REPUBLIKA.CO.ID, JAKARTA -- Pengamat energi Marwan Batubara mencurigai adanya peran mafia migas dalam kerja sama migas government to government (G to G) antara Indonesia dengan Angola.
"Pertama, keuntungan 2,5 juta dolar itu terhadap apa. Kedua, mengapa bukan dengan Iran, Saudi atau negara lain yang jelas produksi dan cadangan minyaknya jauh di atas Angola? Saya malah khawatir ini terkait mafia migas," jelas Marwan saat dihubungi Republika Online (ROL), Ahad (2/11).
Pengamat energi Marwan Batubara mengungkapkan, pemilihan Angola sebagai partner kerjasama harus lebih transparan. Selain itu, Marwan menambahkan bahwa kerjasama G to G haruslah memberikan harga yang lebih murah dibandingkan ketika dengan Petral.
Pengamat lainnya, Komaidi Notonegoro beranggapan bahwa kerja sama G to G seperti yang dijalin Indonesia dengan Angola haruslah dikembangkan.
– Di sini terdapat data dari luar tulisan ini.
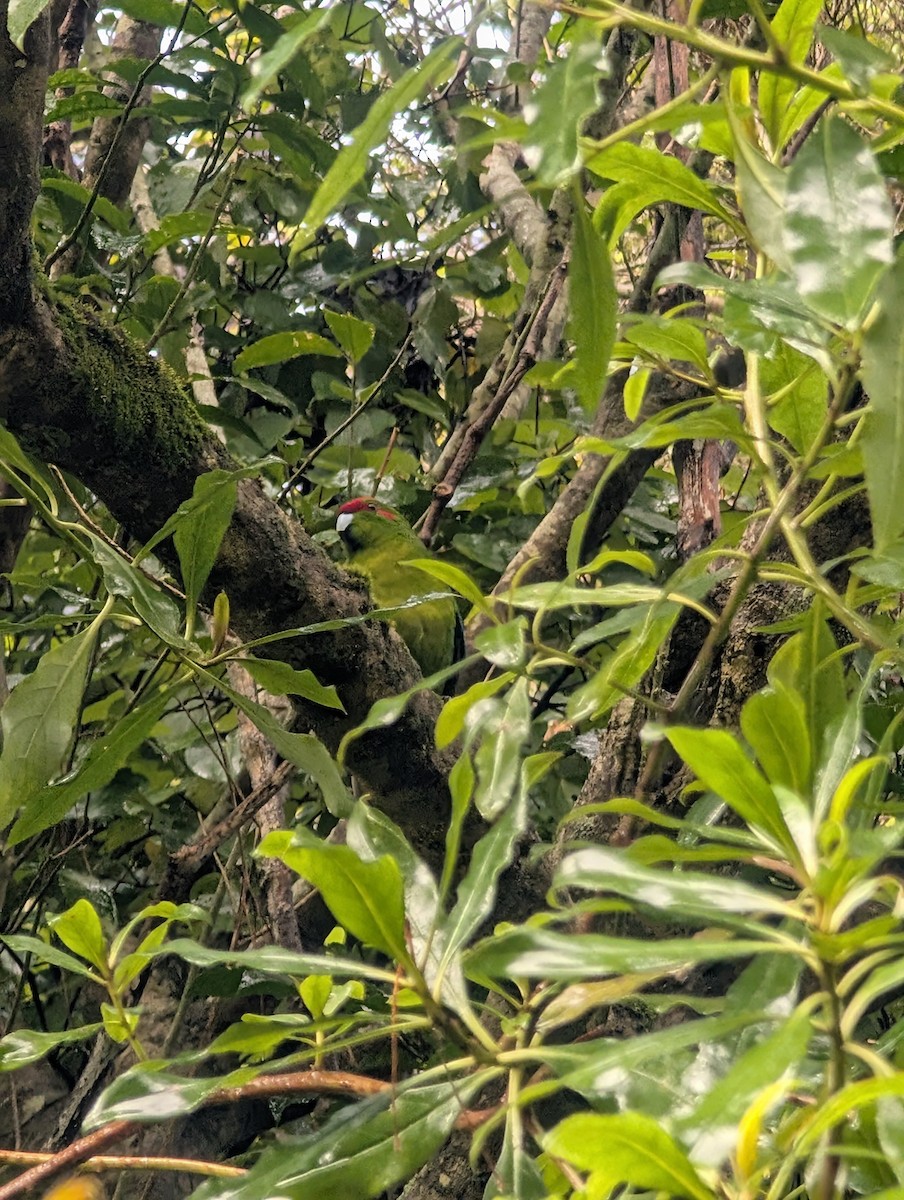 Red-crowned Parakeet - ML638478458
Lantaran pada umumnya jenis kerja sama ini akan mendapat harga komoditas yang lebih murah.
"Tapi formula g to g harus jelas. Misal, melalui kerja sama ini Indonesia dapat minyak dari Angola 80 dolar di saat harga minyak dunia 86 dolar. Nah, kalau minyak dunia turun di bawah itu, harusnya minyak dari Angola juga turun misal 65 dolar. Jangan stuck di angka 80 dolar. Gak jadi untung kita. Mekanisme g to g harus jelas," ujarnya kepada Republika.
Seperti diketahui konsumsi BBM di Indonesia terus tumbuh sekitar delapan persen per tahun, di sisi lain tingkat produksi minyak mentah menurun dan kapasitas kilang tidak bertambah. Pertamina terus berupaya mendukung pemerintah untuk menjamin ketahanan energi nasional, baik melalui upaya-upaya peningkatan produksi di hulu yang bersumber dari dalam maupun luar negeri, peningkatan kapasitas kilang, dan juga upaya konversi dan diversifikasi energi.
Angola merupakan negara anggota Organisasi Pengekspor Minyak (OPEC). Pada 2013 Angola memproduksi minyak dan kondensat sejumlah 1,8 juta barel per hari. Sejak 2002, pertumbuhan produksi minyak Angola mencapai rata-rata 15 persen per tahun yang disokong oleh lapangan-lapangan deepwater.